Some users reported seeing 'weird accounts' spamming the Federated timeline of our server.
They were accounts with names like
@<random string>@<random string>.activitypub-troll.cf.
The only thing they did, was post messages with 2 accounts of the same trolls.
When such post arrives at your server (because someone boosts it or follows it), the server will check the post and follow the linked accounts. On each of those linked accounts, again they will find a post with 2 accounts. And so on. On our server, already 20.000 of such accounts were known. Luckily, the server could handle that extra load. Other, large servers couldn't, and were unreachable.
When I found out what was happening, I blocked the activitypub-trolls.cf domain (which took some time because of the number of subdomains known to our server). That solved the issue.
I then posted this information to mastodon, mentioning #mastoadmin, so that other admins could take action. I also notified other admins via Matrix channels. My post was boosted 3700 times, it reached many admins.
This has been a very stressful, but fun, and educating month. Apart from the few bad comments you get, I got many friendly messages and compliments on running this server. I met (mostly online) some new people. I am really blown away by how the moderators are doing their job, like professionals (although this is all volunteer-work!). I have had 3 interviews (last week also for the Süddeutsche Zeitung) and an interview with a student from the University of Alberta.

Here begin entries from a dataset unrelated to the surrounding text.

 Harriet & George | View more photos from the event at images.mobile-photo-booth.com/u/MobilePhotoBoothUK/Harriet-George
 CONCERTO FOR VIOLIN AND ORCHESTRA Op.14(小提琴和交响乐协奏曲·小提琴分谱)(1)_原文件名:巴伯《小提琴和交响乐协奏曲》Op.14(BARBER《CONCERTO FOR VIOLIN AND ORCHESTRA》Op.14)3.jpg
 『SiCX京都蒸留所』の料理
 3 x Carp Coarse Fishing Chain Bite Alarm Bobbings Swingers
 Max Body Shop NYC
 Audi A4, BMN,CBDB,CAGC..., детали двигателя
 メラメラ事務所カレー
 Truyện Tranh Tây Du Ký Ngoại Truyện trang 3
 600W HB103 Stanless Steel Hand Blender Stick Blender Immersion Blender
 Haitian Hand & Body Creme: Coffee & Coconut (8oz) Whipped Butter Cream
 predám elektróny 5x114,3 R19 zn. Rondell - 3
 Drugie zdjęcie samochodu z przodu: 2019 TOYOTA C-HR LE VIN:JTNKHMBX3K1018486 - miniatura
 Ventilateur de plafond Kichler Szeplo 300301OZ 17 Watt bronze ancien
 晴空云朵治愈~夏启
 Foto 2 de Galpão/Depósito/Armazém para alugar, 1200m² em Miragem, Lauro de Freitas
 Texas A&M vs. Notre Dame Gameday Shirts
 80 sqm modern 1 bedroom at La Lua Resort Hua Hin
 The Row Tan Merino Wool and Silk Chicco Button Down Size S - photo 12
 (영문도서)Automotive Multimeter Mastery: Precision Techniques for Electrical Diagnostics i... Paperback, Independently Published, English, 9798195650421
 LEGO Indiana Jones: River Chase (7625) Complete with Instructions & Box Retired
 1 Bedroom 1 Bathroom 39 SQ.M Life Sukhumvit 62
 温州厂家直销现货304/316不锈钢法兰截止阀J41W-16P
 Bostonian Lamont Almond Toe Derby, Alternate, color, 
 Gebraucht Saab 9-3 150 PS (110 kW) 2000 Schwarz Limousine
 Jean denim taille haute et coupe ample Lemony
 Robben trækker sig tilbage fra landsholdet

I did get some remarks from people that think a Mastodon server shouldn't host this many accounts. Although I agree, there was no alternative place for these new users to go to, during the peak moments. Large servers closed registrations or were down because of the influx. Many smaller servers couldn't be found because they are not on the Joinmastodon serverlist (mind you, many new users sign up via the Mastodon app, which uses this serverlist when signing up). This needs attention for the future growth of Mastodon.
There are also some follow-up tasks and questions. How do I want to scale for possible future growth? Do I want growth at all? How do I make sure there is high-availability, without performance being degraded? And so on.
In my next blog, I will talk about the cost of running this server.